What do you guys thing about the P4
Josh Fryman
fryman at cc.gatech.edu
Wed Apr 4 21:10:16 PDT 2001
i'm not familiar with your specific tests, but i can address the questions
you asked. loosely paraphrased: the p4 architecture (insert "CPU XYZ" for
P4 here as well) sometimes simply sucks running non-p4 optimized code.
why?
(deep) pipelines require compiler tricks to reschedule code to hide stalls
and latencies. the p4 has a pipeline 2x as deep as p3. every time a stall
would occur and was hidden in your p3 code, you now kill 10 cycles waiting
for the 20-cycle pipeline to be ready. think how often you do something
that induces stalls - like memory dependent instructions
a = b + c
b = a * 2
and things like loops/branches which induce other problems with similar
consequences. also, realize that the time spent doing arithmetic ops
is dependent on the type of op you ask for. sometimes (well, it used to
be the case in the bad old days) a bunch of ADD's would run much faster
than one MUL. so if the compiler doesn't know how to use the fastest-
time ops for a given program segment, it may choose poorly through
ignorance. now think about those fancy bulk-move-memory instructions that
are all-new, and some of those vector-multiply instructions, etc that
the P4 introduced. how many chunks of 10's of instructions can be
replaced by something that's 1 instruction that executes in some fraction
of the time?
every time a new CPU comes out with new architectural features, it takes
a while for everything to get recompiled. once it's recompiled, and people
find it's still slow, they back up and look at why. a little profiling
shows that *that* loop the compiler isn't smart enough to unroll 10 times,
so you have to do it by hand in the code. then it gives good results.
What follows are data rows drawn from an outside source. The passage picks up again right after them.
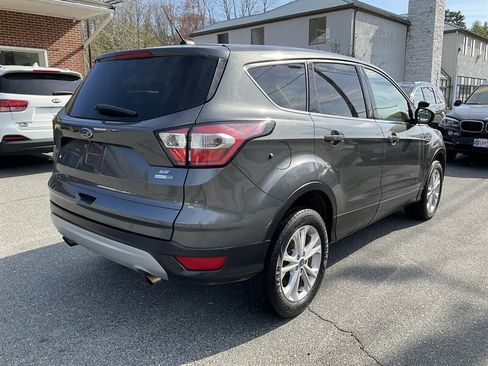 Used 2017 Ford Escape SE AWD/4WD image 5
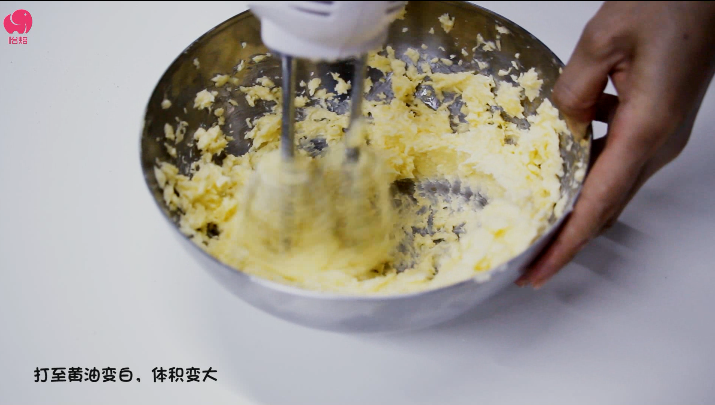 雙色經典磅蛋糕——香草抹茶白菜磅的做法 步骤3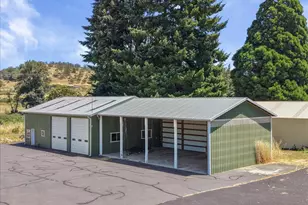 15464 Old Hwy 99, Myrtle Creek, OR 97457 - Photo 3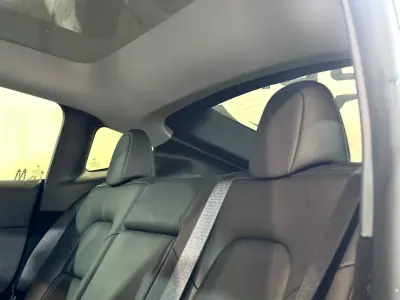 Tesla Model Y 2023 - 42900 EUR, 41470 km - AUTO.MOTO.pt - 41470km - foto 15 de 35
this is the way everything gets done... optimizing compilers with specific
architecture support are good, but can't beat humans.
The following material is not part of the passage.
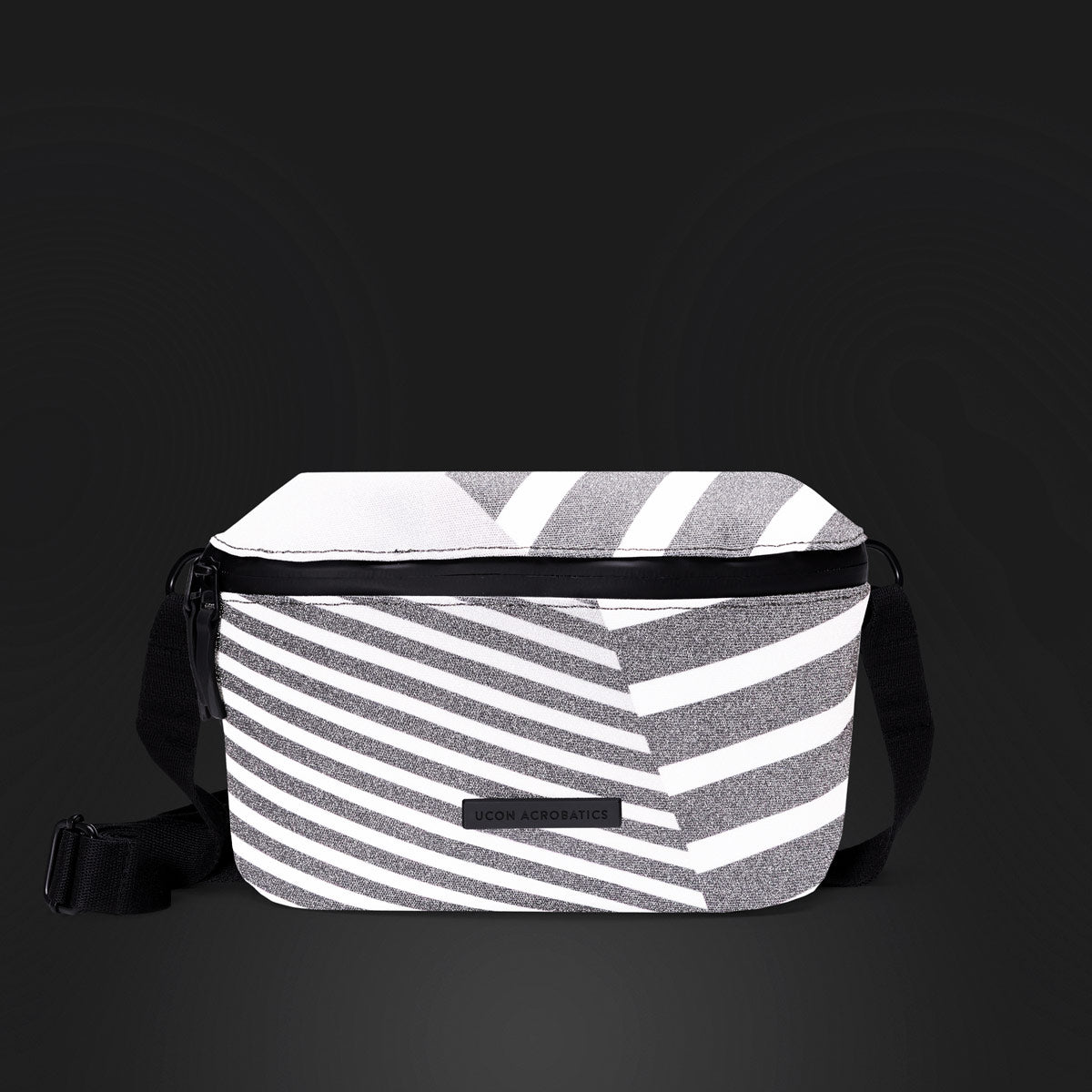 ucon-acrobatics-jona-crossbody-bag-reflektierende-umh-ngetasche-mit-fons-hickman image 2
a simple example. when the p4 first sampled to hardware groups for eval,
everyone benchmarked things like MPEG2 and MPEG3 encode/decode and such.
they found that the P4 at 1.4G was SLOWER than a P3 at 800M. why? b/c of
the pipeline stalls and assembly optimizations that were meant for a
different CPU's internals.
a couple of intel engineers, without doing a full optimization, made a
couple of tweaks to the ASM and recompiled with a P4-aware compiler and
it kicked the pants off everything around. they made their changes
public. the hardware sites then invited AMD to optimize their code for
their chips and do a new comparison, but AMD has thus far declined to
do so. why? probably because they know it won't help much if at all.
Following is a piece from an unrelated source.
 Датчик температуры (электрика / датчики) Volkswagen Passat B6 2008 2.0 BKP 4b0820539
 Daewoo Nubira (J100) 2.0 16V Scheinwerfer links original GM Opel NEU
don't get me wrong - AMD makes good stuff. but just because whiz-bang
processor comes out doesn't mean you can do whiz-bang stuff right away.
and if you're running an App that is *performance* bound, then it's
*your* job to figure out how to make it run as fast as possible on the
hardware you've got, and optimize it accordingly. never trust a
compiler to do it right. you can easily get 50-500% improvements in
your programs if you know how to do this. the same thing applies to
partitioning the communication latencies in parallel apps. but as
always, this is application-specific and YMMV.
all of this is thoroughly discussed in Hennessy & Patterson's books.
specifically, Computer Architecture: A Quantitative Approach. (well, by
thoroughly i mean that it's explained in detail as a general problem;
the specifics of the P4 you'd have to read up on from Intel and various
places like "tom's hardware" and such.) this is *the* architecture
reference book, a must-have for you if you need to do/know this stuff.
also see "parallel computer architecture" ... don't recall the authors
at the moment. ask if you want to know.